Density has to be kept under control. The festival seating crowd has to be open enough that emergency first responders can easily enter it to help people in need and people in the crowd have to have enough room that they can easily leave the festival seating crowd under reasonable conditions.
Live Nation is one of the largest live music promoters in the world.
Newsy ran a search through Occupational Safety and Health Administration records and found multiple Live Nation violations in the last 20 years.
Multiple other mass casualties at Live Nation events prompted other lawsuits. A suicide bomber killed 22 people at an Ariana Grande concert in England in 2017, a mass shooter killed 60 at a Live Nation country music festival in Las Vegas the same year and the company settled with victims of a stage collapse at a concert in Indiana in 2011.
The concert promoter faced another lawsuit related to trampling in 2016 at a North Carolina Gwen Stefani concert. A judge removed Live Nation from the case.

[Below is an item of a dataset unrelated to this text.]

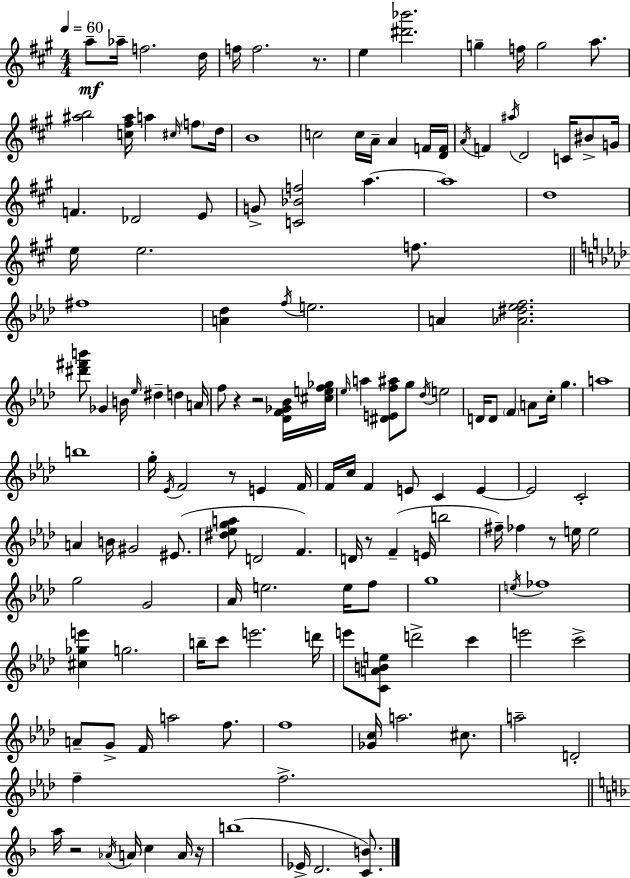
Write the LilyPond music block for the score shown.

As for Travis Scott, he pleaded guilty to charges stemming from two past concerts — one in Arkansas and one in Chicago when fans rushed the stage.
Then there's this video of the rapper encouraging a fan to jump from a balcony at a 2017 concert.
"Then you have to say, how did they plan for this event? You plan properly, you have to know the crowd profile and the history of the artists, not now. The people who plan manage and approve it should have known those things before."